* _What this task involves_:
Once you find the line with "Kamal Rice Bran Oil 1 L" in the data that follows, repeat it and every line after it exactly, through the line with "Liebeskind Lea S".
── Exercise materials ──
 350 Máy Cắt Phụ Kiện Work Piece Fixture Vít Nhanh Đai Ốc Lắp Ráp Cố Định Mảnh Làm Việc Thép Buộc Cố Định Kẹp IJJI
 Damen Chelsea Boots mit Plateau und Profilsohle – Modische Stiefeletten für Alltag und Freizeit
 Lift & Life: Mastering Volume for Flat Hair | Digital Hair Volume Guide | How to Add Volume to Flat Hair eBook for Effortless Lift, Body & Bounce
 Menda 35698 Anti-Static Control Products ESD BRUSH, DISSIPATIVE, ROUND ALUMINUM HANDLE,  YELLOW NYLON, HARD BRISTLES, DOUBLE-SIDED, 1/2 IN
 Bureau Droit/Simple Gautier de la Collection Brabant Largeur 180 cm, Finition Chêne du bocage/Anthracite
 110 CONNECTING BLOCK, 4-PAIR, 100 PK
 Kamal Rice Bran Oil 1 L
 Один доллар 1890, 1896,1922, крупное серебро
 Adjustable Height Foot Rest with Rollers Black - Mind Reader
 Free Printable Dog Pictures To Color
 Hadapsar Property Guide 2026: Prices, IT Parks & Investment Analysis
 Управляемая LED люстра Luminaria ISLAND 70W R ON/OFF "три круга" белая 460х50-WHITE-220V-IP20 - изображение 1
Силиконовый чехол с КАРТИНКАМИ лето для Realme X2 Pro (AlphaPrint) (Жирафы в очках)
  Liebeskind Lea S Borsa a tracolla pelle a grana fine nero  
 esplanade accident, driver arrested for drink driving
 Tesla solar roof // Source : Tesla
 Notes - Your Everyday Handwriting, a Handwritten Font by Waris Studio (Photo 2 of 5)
───
* _Exercise result_:
 Kamal Rice Bran Oil 1 L
 Один доллар 1890, 1896,1922, крупное серебро
 Adjustable Height Foot Rest with Rollers Black - Mind Reader
 Free Printable Dog Pictures To Color
 Hadapsar Property Guide 2026: Prices, IT Parks & Investment Analysis
 Управляемая LED люстра Luminaria ISLAND 70W R ON/OFF "три круга" белая 460х50-WHITE-220V-IP20 - изображение 1
Силиконовый чехол с КАРТИНКАМИ лето для Realme X2 Pro (AlphaPrint) (Жирафы в очках)
  Liebeskind Lea S Borsa a tracolla pelle a grana fine nero  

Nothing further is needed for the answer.